What types of quality control were built into the study?

To insure integration of process across institutions, at the beginning of the project we created Standard Operating Procedures (SOPs) and planned and conducted Quality Assurance/Quality Control visits on a periodic basis. Weekly conference calls were held throughout the course of the study to monitor adherence with study procedures and to assess milestones. A few times a year, in person site visits were conducted where laboratory, data storage facilities, and hospitals were visited and meetings where conducted with key personnel. When necessary, special meetings were arranged to deal with problems, occasionally by video conference.

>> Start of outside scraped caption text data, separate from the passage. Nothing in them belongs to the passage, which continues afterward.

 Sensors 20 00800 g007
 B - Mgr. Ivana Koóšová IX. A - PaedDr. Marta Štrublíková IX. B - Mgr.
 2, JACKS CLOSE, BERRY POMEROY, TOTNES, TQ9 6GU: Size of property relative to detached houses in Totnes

Site visits often included scientific presentations.  Monthly and annual reports were reviewed. Study progress was also reported to a group of investigators from the Division of Cancer Epidemiology and Genetics of NCI that assessed study activity and recommended technical, scientific or management changes when appropriate. Detailed study manuals covering procedures for Research Physicians, Laboratory personnel, Data Processing Center staff were in place.

What are some of the ethical protections in the study?

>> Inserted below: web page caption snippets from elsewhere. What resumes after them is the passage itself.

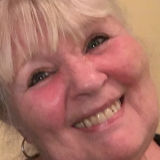 Profilfoto von Petra von Vangerow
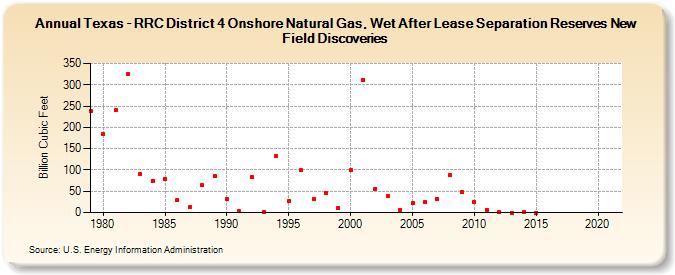 Texas - RRC District 4 Onshore Natural Gas, Wet After Lease Separation Reserves New Field Discoveries (Billion Cubic Feet)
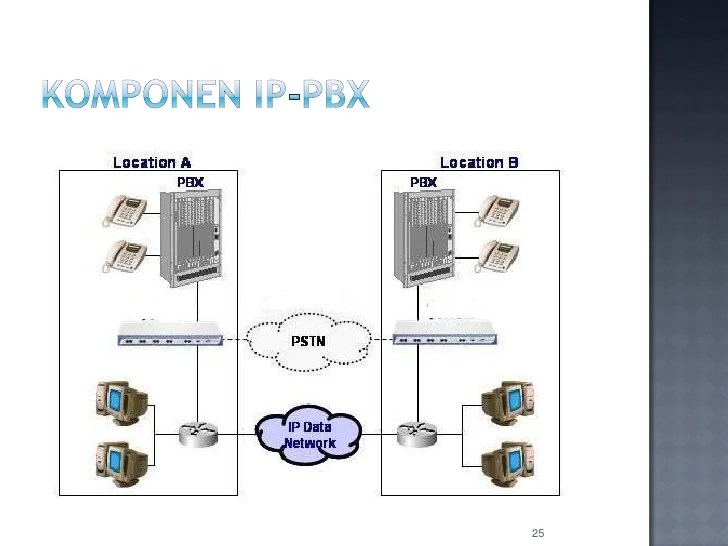 jelaskan arsitektur utama server softswitch: komponen, protokol, dan layanan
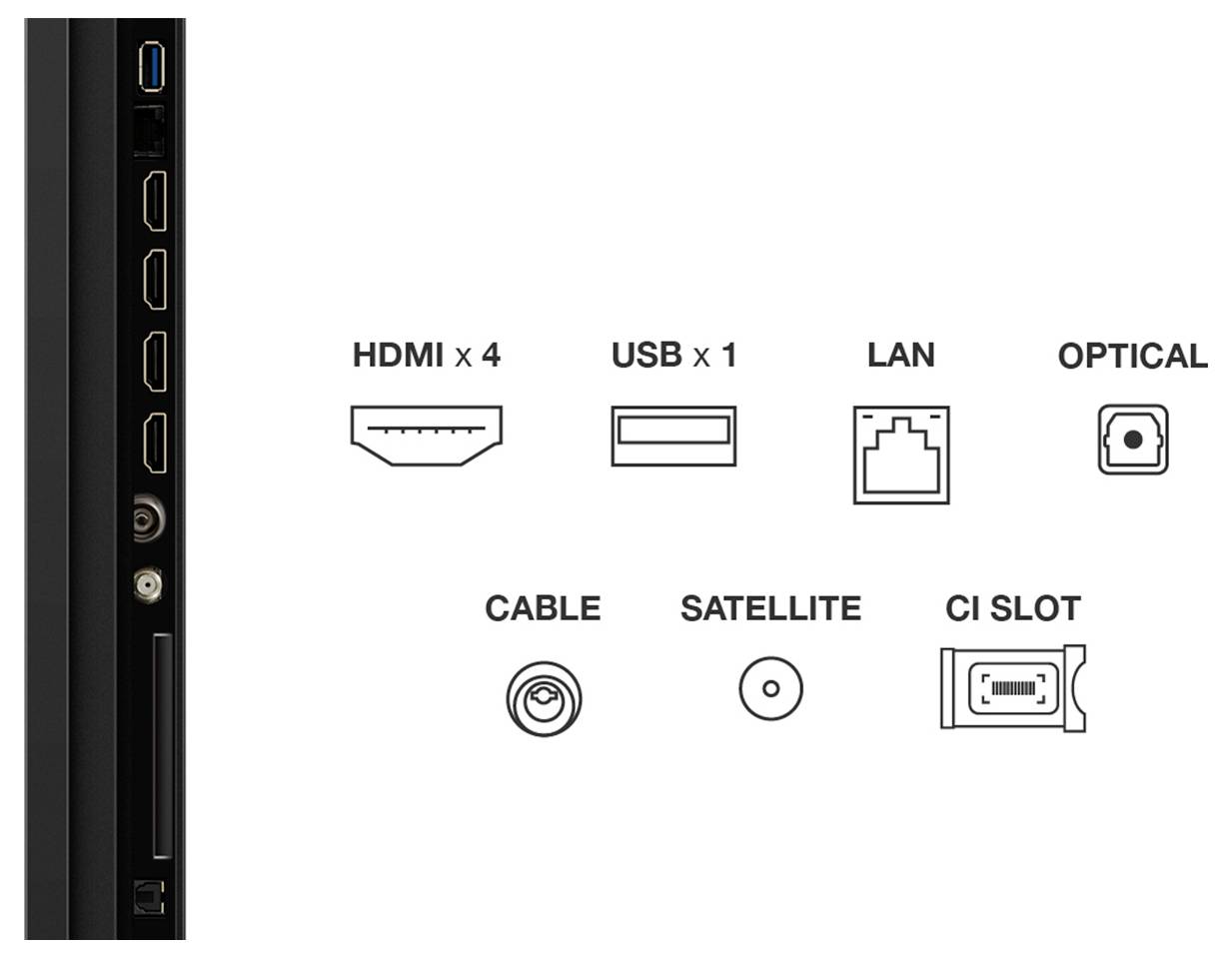Diagramm der Seitenports eines Fernsehers: 4 HDMI, 1 USB, LAN, optischer Audio, Kabel, Satellit und CI-Slot.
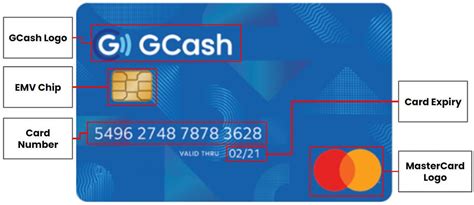 GCash MasterCard 2023: application, or.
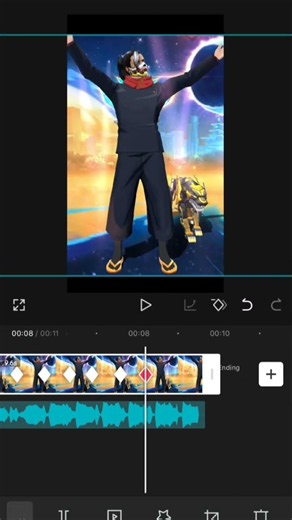#tutorial of my Capcut video
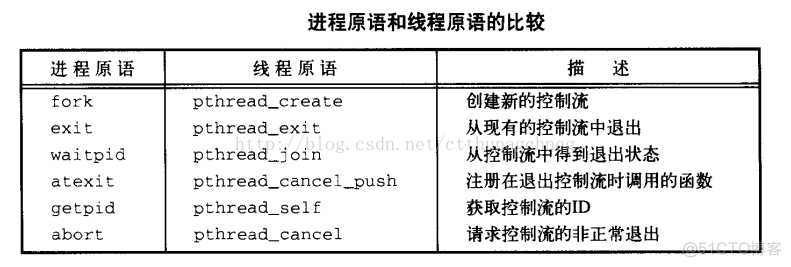 UNIX环境高级编程——线程_ubuntu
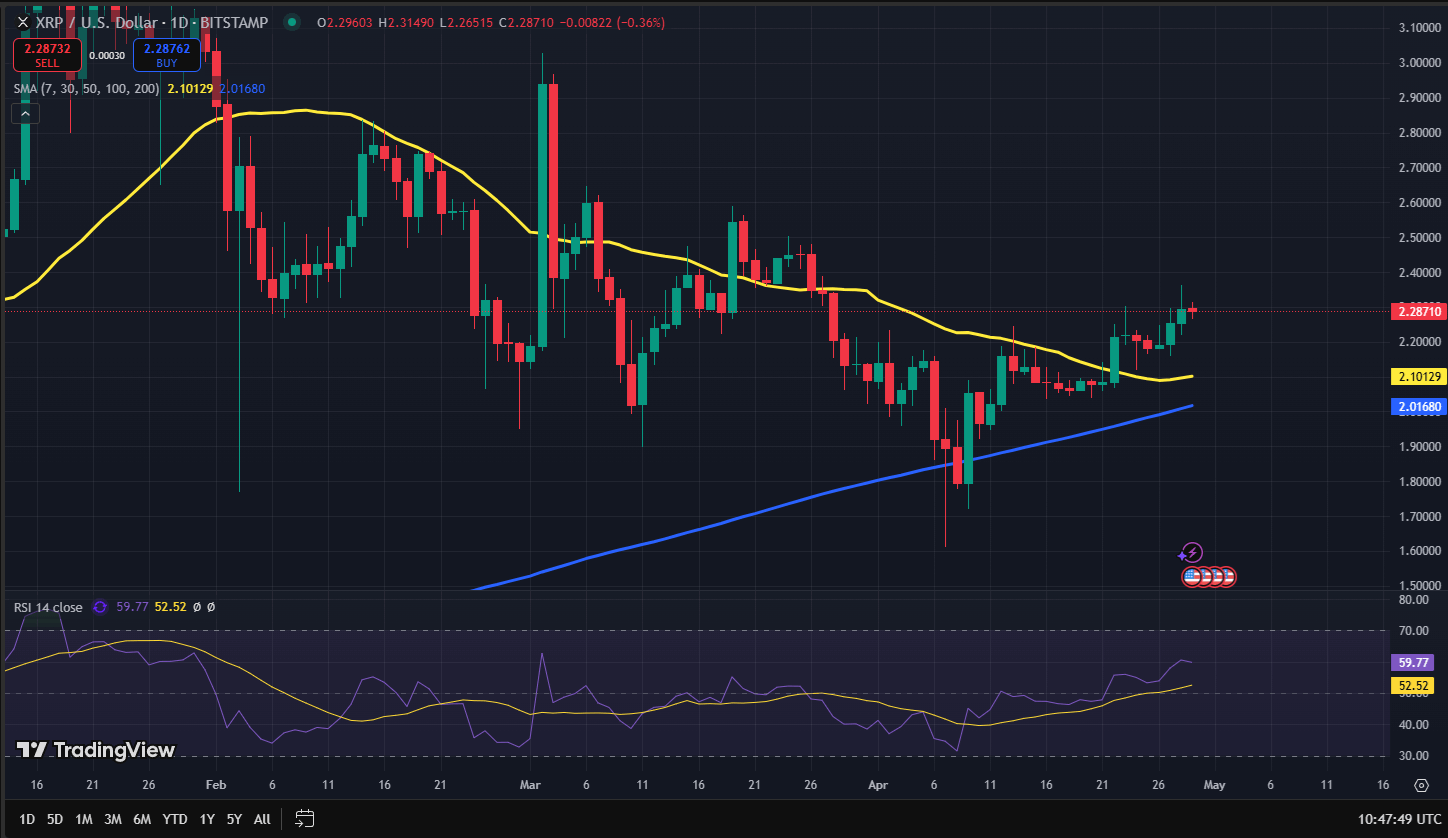 XRP koers grafiek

The study has undergone formal ethical review and received approval from Institutional Review Board (IRB) at the National Cancer Institute. The participating hospitals and the Coordinating Center in Italy also have formally constituted ethical bodies which have reviewed the study. The IRB’s in Italy and in the United States revisit the study on a yearly basis. All study subjects received a detailed informed consent that they signed in order to participate. Subjects could refuse to participate in any part of the study, for example, an individual could elect to complete a questionnaire, but refuse to contribute any blood.  No tissue was obtained, if it was required for clinical tests. All study procedures were conducted using standard operating procedures (SOPs) to maximize patient and staff safety, and to insure the scientific integrity of the results. Data were stored free of patient identifiers.

Why is the study unique?

EAGLE is one of the largest case-control studies of lung cancer in the world, with hish response rate in cases and controls. It is the only case-control study of this size and extensive biospecimen collection to be population based. The study is integrative, that is it anticipates testing and combining multiple epidemilogical, clinical, behavioral, and laboratory-based questions in lung cancer.

What are the future plans for the study?

A variety of descriptive and technology-based analyses involving lung cancer and smoking are planned. Collection of information on lung cancer treatment and outcome, quality of life and survival is planned for late 2006-2007.